Reality is there are times that our children don’t want to have their Devotions.
We must remember that Children are just like any other person you know – they will have spiritual highs and spiritual lows. How do you respond to your friend when they are going through a spiritual low? Think about this and see what you can learn so you can respond to your child in the same situation with the same level of grace. It is easy to have high expectations on our children and yet they must go through their own journeys.
There will be times when our children don’t want to have personal Quiet Times, there will be times when we feel that they have turned their backs on God. What will our response be? My encouragement to you is to keep your eyes on God yourself, love your child as God loves them – remember Jesus died for us while we were yet sinners.
At such times in our household, while keeping my heart full of love and grace towards my child I have
- Talked to them about what I see happening – I go with their response – sometimes it was been a “well, that’s just where I am at” and other times it has been “oh, yes, I want to change that” kind of response.
- I strengthen my commitment to devotional living (talking about God day in and day out), and to our family devotions. While the child is still in our home they will be hearing the Word of God.

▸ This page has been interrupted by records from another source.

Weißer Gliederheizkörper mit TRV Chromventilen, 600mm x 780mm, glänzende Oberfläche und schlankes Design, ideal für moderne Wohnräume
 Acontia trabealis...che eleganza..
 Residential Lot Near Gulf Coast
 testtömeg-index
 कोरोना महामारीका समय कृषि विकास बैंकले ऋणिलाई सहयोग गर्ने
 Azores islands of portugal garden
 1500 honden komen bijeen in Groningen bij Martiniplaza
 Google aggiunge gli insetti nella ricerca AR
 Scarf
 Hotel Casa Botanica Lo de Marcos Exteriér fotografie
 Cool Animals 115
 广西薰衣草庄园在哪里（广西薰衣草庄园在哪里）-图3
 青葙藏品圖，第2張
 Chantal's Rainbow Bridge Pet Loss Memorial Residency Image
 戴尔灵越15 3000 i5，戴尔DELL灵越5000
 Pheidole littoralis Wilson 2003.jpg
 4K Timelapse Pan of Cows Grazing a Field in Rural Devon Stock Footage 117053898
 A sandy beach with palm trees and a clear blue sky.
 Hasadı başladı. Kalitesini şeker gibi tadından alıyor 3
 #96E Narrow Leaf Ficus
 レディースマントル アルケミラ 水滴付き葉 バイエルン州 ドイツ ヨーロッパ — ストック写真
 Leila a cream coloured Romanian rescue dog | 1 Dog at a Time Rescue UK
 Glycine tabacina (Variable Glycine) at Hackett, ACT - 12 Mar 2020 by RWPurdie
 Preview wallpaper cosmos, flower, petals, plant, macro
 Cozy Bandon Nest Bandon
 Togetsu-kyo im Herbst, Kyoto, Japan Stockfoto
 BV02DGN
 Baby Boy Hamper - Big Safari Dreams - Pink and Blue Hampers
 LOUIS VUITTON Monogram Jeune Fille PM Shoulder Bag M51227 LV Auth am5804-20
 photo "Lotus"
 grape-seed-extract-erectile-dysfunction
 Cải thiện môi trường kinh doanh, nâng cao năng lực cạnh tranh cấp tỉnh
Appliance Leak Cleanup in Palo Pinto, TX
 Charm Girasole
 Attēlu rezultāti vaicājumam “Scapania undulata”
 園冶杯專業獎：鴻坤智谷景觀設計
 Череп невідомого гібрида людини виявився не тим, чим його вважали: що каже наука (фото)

- I pray for them. If their hearts are soft (not angry) I pray for their hearts while praying with them otherwise this becomes my personal prayer for my child.
We need to be careful not to mark our child’s relationship with God based on the quality of their Quiet Times. When we do this we are stepping very close to the idea that good Quiet Times makes you a good Christian – that we have to do things to be a Christian. Quiet Times, Devotions, are a tool that Christians use to deepen their relationship with God. It has to be a heart response to God, and not a performance for the parents peace of mind.